On one side in this war is the American tradition of equality. Once proponents of same-sex marriage were able to frame the issue as one of equal rights, they became a virtually irresistible force. The appeal to equality has a deep resonance in a country whose founding document opens with the assertion that "all men are created equal." The knowledge that this basic principle was violated for a very long time with regard to blacks, women, and other disenfranchised groups makes most Americans all the more sensitive to demands for equal treatment.

To this, one can add another strong American tradition: separation of church and state. Objections to same-sex marriage are couched mostly in terms of religious faith, and the imposition of private religious beliefs on individuals who may not share them strikes most of us today as fundamentally un-American. Also on the side of same-sex marriage supporters is the conviction that how we govern our intimate relationships is a fundamental matter of privacy and freedom.
And indeed, this summarizes the two dimensions of morality recognized by people on the left: fairness and harmlessness. 
On the other side is the equally powerful American tradition that gives faith a central role in civic life. Even aside from the traditional Judeo-Christian condemnation of same-sex sexual relations as sinful, the belief that marriage is a fulfillment of God's purpose of bringing men and women together for the task of creating future generations is central to most religious belief.
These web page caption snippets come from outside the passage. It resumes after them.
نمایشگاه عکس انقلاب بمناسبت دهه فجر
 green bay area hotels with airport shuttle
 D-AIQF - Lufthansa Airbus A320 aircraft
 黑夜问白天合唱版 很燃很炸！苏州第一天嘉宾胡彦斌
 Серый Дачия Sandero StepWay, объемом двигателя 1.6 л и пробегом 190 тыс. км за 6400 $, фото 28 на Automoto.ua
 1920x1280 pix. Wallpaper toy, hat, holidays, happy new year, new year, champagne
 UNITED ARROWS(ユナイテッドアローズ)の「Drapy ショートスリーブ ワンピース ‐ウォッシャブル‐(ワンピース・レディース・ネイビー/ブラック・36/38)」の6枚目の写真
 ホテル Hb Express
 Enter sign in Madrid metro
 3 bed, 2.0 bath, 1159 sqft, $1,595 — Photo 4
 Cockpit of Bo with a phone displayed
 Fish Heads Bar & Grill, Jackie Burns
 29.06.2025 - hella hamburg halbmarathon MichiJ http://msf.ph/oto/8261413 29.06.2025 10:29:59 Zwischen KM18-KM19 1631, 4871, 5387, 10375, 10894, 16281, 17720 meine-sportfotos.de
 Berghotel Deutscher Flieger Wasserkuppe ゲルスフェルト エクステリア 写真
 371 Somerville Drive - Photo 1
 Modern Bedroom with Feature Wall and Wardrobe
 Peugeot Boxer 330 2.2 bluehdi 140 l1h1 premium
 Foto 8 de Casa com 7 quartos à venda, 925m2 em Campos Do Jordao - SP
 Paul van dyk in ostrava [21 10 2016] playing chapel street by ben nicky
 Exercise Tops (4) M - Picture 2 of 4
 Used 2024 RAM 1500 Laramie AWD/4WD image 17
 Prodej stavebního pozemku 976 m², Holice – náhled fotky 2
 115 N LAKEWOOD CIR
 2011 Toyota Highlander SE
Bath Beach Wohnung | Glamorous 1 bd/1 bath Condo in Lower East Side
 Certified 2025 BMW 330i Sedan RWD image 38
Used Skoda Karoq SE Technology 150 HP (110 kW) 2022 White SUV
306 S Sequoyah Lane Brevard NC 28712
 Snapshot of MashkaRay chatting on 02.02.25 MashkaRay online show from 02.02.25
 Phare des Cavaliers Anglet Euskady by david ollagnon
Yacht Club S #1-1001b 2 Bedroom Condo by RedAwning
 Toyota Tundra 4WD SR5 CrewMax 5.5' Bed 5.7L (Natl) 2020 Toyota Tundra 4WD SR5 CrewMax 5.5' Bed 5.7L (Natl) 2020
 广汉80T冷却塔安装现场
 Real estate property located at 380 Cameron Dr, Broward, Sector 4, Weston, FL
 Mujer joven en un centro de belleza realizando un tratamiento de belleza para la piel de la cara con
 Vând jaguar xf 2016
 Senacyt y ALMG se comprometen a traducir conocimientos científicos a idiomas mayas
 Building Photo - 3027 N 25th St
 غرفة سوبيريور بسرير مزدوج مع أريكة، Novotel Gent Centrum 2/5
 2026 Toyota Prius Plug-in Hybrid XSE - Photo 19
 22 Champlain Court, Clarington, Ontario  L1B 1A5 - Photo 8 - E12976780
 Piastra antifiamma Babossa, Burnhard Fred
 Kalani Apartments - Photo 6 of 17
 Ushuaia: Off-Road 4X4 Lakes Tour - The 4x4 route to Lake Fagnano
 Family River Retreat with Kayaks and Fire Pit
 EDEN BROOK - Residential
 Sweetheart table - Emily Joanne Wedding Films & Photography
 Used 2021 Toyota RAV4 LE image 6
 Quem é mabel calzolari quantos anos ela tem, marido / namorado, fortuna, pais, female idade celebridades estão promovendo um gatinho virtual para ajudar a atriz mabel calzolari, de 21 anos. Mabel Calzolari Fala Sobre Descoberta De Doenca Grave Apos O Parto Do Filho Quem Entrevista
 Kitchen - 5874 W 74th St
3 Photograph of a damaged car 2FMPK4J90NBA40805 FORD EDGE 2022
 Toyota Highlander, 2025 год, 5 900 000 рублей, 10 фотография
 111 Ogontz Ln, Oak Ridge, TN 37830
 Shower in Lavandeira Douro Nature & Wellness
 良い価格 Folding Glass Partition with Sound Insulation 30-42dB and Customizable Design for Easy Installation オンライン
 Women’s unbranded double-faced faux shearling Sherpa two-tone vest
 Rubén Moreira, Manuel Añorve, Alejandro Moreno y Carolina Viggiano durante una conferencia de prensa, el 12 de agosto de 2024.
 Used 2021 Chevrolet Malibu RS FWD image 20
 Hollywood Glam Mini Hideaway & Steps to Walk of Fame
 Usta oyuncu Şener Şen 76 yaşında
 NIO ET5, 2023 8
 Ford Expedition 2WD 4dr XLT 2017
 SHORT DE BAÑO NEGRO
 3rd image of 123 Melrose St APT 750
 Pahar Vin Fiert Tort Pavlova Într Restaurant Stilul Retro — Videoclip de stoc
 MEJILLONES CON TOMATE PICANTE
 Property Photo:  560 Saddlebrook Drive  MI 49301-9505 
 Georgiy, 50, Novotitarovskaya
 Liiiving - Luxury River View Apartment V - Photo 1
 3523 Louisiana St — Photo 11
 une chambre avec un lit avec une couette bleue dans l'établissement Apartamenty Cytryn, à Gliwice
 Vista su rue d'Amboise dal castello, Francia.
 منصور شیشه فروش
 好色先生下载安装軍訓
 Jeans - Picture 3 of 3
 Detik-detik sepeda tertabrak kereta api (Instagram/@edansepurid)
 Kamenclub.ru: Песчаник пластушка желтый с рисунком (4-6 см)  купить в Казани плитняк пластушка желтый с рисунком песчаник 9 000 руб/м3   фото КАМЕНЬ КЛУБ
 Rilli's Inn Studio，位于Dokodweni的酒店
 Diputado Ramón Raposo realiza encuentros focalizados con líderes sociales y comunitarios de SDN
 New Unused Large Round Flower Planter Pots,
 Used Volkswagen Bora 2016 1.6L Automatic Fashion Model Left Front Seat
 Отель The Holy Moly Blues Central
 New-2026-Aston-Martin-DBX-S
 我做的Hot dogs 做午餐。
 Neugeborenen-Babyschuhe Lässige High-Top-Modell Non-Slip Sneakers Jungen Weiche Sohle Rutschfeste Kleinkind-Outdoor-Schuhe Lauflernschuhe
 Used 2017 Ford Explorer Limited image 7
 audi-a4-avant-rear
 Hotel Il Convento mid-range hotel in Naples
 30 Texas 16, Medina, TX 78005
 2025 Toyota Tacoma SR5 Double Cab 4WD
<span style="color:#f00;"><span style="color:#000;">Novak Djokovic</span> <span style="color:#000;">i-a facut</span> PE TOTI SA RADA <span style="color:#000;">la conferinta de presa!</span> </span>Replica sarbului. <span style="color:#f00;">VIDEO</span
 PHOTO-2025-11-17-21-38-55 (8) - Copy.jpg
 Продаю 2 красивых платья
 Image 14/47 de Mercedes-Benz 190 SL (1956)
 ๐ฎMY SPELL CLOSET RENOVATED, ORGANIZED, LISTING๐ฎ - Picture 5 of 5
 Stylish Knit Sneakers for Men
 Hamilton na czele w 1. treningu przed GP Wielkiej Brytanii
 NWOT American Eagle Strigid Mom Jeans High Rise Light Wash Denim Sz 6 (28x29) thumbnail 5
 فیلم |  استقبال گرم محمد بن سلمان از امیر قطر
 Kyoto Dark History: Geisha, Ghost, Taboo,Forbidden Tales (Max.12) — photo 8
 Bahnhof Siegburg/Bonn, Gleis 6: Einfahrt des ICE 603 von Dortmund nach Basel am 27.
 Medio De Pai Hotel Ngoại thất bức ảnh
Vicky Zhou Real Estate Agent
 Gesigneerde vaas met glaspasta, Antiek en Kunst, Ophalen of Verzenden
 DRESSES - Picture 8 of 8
...marriage, especially for traditionalists, amounts to giving a union the approval of the community—including, implicitly, their own. Indeed, many gay advocates concur: to them, the goal of marriage, rather than civil unions or domestic partnerships with most of the same legal rights, is full cultural acceptance. And, while no one suggests that churches opposed to same-sex marriages could be required to perform them, other thorny conflicts between religious liberty and gay equality have already arisen (for instance, should a Catholic adoption agency that has a contract with the state be forced to place children with gay and lesbian couples?).
...traditionalist objections to same-sex marriage include not only religious scruples but concerns about the consequences of sexual liberation that are shared by many people on secular grounds—concerns about a cultural environment in which 40 percent of children are born out of wedlock and half of all marriages end in divorce. Is it bigoted to believe that it is ideal for children is to have a mother and a father, or to worry that same-sex marriage will further uncouple marriage from childbearing and thus make it far harder to answer the question, "Why wait for marriage before having children?" Traditional views that stigmatize divorce and single parenthood and emphasize complementary male/female roles in the family have been losing ground for some time (for better and worse); but, until now, they have not been equated with bigotry and thus implicitly declared beyond the pale.
Tradition is one of the three moral axes not considered by the left.